Je pense que les productions intéressantes des marques peuvent trouver des solutions de diffusion au sein des grands médias, y compris en télévision. Cela existe déjà, mais ces pratiques restent encore très minoritaires compte tenu du cadre juridique du CSA (Conseil supérieur de l'audiovisuel). L'enjeu pour les médias sera d'adapter leur offre aux nouvelles attentes des marques. »
Dans cet univers du brand content comme dans celui des données, l'influence de Google et d'Apple ne sera-t-elle pas déterminante ?
D.B. : « Je pense qu'effectivement, Google, Youtube et Androïd vont jouer un rôle croissant, de même qu'Apple et iTunes quand il s'agira pour les consommateurs de s'orienter dans les contenus de marque digitaux.
D'ores et déjà, la vidéo représente 50% du trafic sur internet. Preuve que ce format séduit. Dans ce domaine, l'enjeu pour les marques est de développer une écriture vidéo adéquate et de favoriser le référencement des contenus vidéo par les moteurs de recherche. »
Le brand content a de beaux jours devant lui. Mais les acteurs de cet écosystème complexe (agences, médias, journalistes) en sortiront-ils indemnes ?
D.B. : « La montée en puissance du brand content conduit à une concurrence généralisée des producteurs /régies /agences /annonceurs. Un exemple pour illustrer ce propos : début 2014, une compétition pour la réalisation d'un consumer magazine a été lancée. Une agence de presse (producteur de news), la régie publicitaire d'un quotidien et une agence éditoriale ont concouru. Certaines agences de communication développent des « news centers » avec des équipes de journalistes. Et côté marques (SFR, APRR, Vinci, Carrefour, Galeries Lafayette, Meetic ou Vente Privée...), on développe des régies publicitaires, afin de vendre des espaces. On assiste donc à la multiplication des formes de concurrence entre acteurs qui ne peut que s'accroitre. »
Ses indispensables Votre device favori ?
Mon ordinateur portable ultra-léger, un Mac Book Air.

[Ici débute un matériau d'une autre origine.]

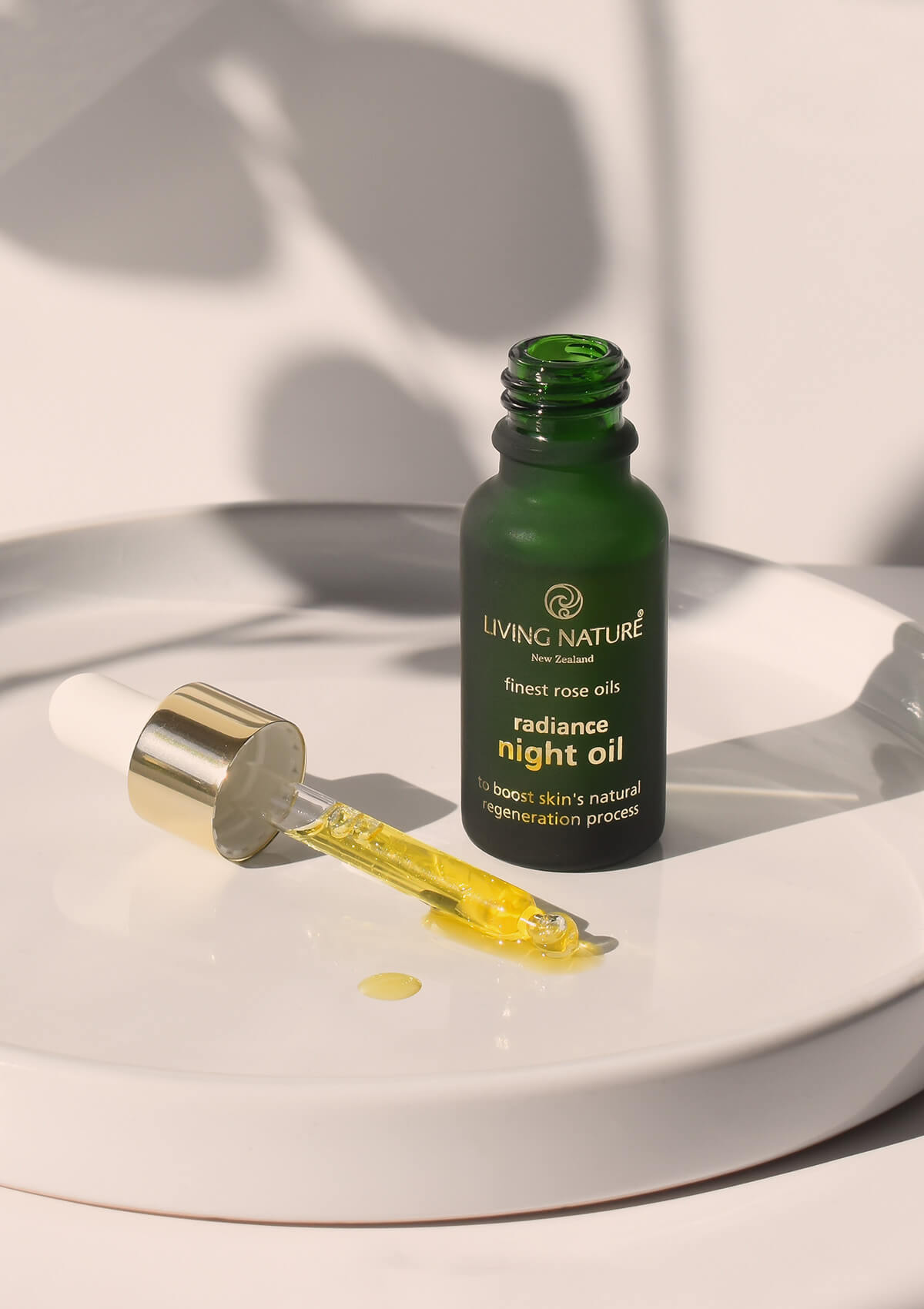 auf einem weißen runden Tablett steht eine offene grüne Glasflasche des Antifaltenrosenöls. Davor liegt eine befüllte Pipette mit dem goldenem Öl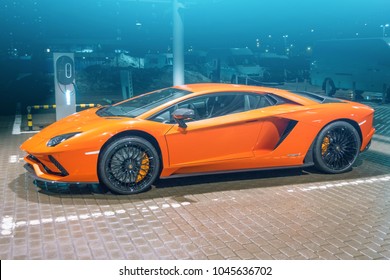 Lamborghini Aventador orange night on the streets city parking place. Russia, Saint-Petersburg. 13 March 2018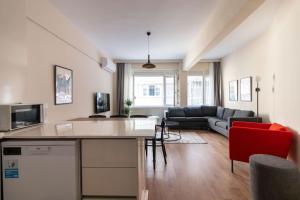 a kitchen and living room with a table and a couch at Spacious & Trendy 3BR Urban Home w/ ACs in Istanbul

Votre réseau social fétiche ?
Twitter et LinkedIn sans hésiter.

Votre donnée la plus précieuse ?
Les statistiques de visiteurs sur mes différents sites ou blogs et le nombre de retweets de mes articles.

(1) Daniel Bô est l'auteur de Brand Content, comment les marques se transforment en médias (Dunod, 2009) et de Brand Content Stratégique, avec la collaboration de Raphaël Lellouche et Pascal Somarriba (Dunod, octobre 2014).